• [Excerpted records]
☆ ☆ ☆
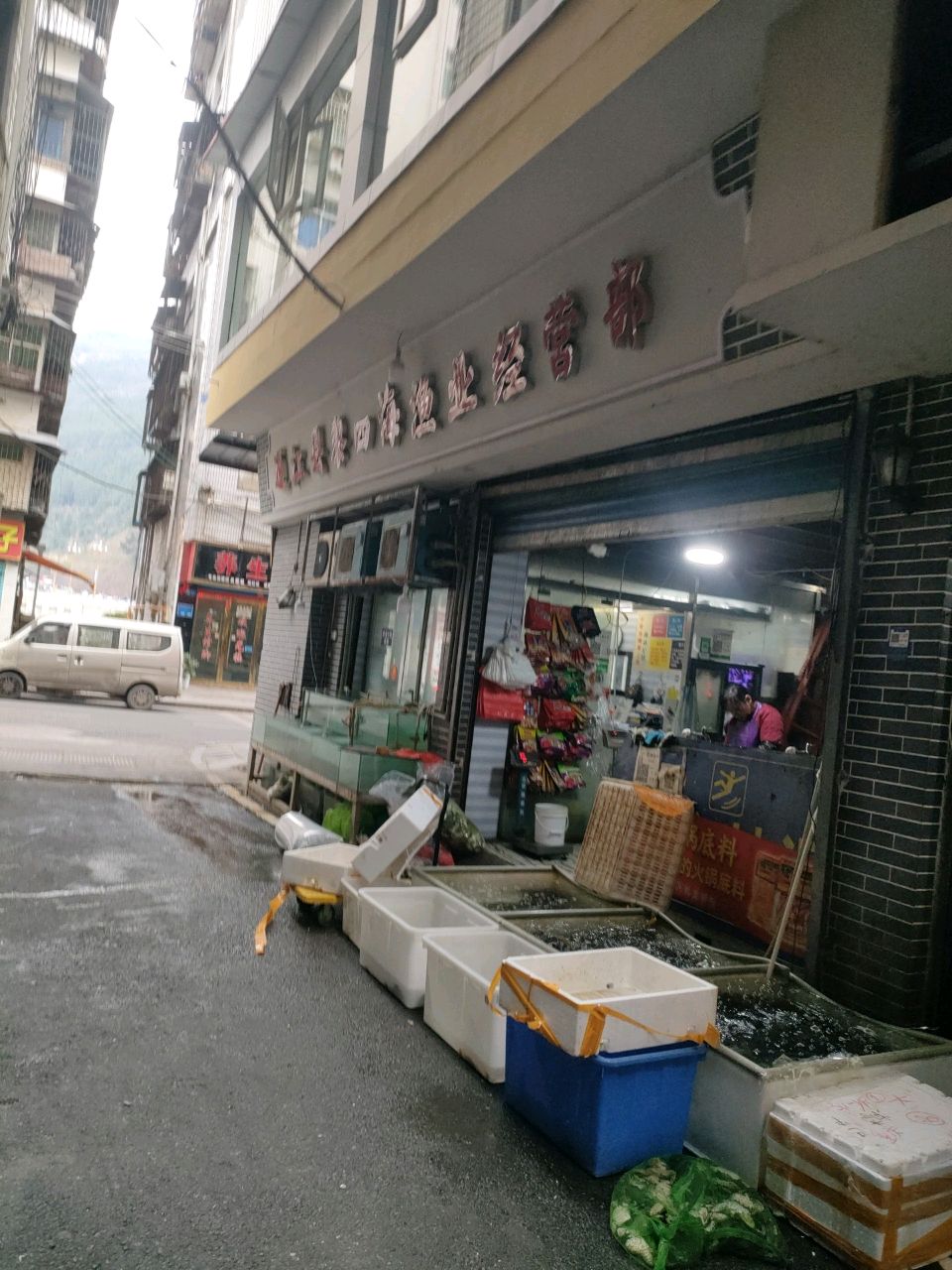 养生修脚店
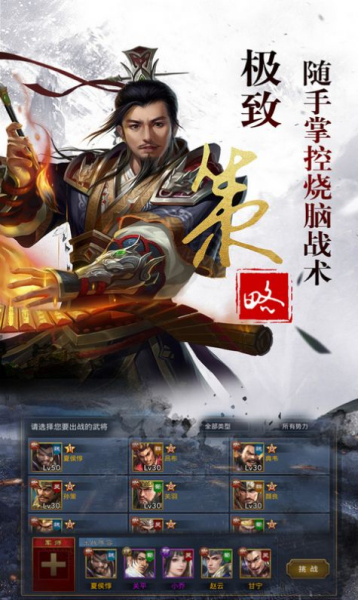 谋天下之将相王候手游官方正式版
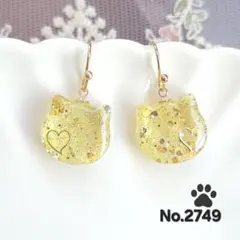 2749　ネコ♡フラットM　ラメ入り　ガラス　レジン　イヤリング　ピアス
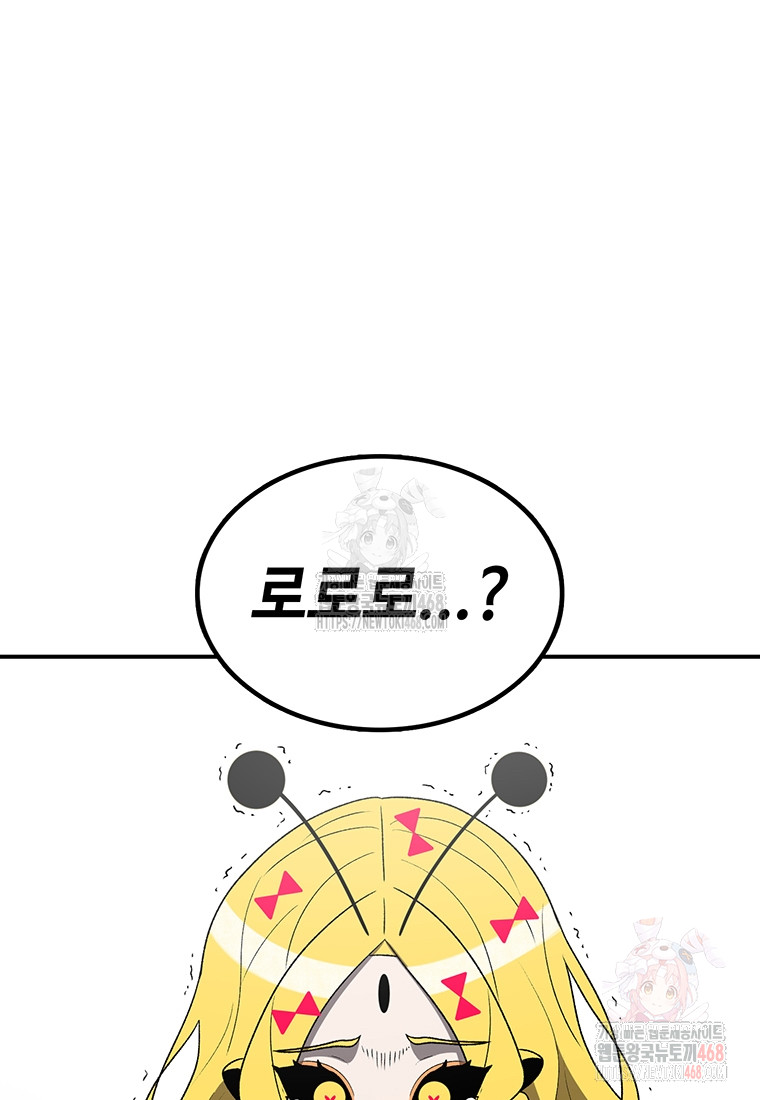1746025612_61766999440497.jpg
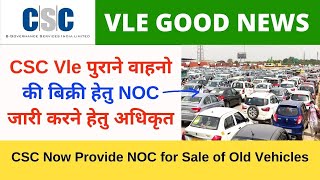 NOC for Vehicle CSC | RTO Transfer NOC Vehicle | CSC Can Now Provide NOC for Sale of Used Vehicles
☆ ☆ ☆
• [Exercise objective] Would you repeat the entries exactly, keeping the images out?

• [Response box]
 养生修脚店
 谋天下之将相王候手游官方正式版
 2749　ネコ♡フラットM　ラメ入り　ガラス　レジン　イヤリング　ピアス
1746025612_61766999440497.jpg
 NOC for Vehicle CSC | RTO Transfer NOC Vehicle | CSC Can Now Provide NOC for Sale of Used Vehicles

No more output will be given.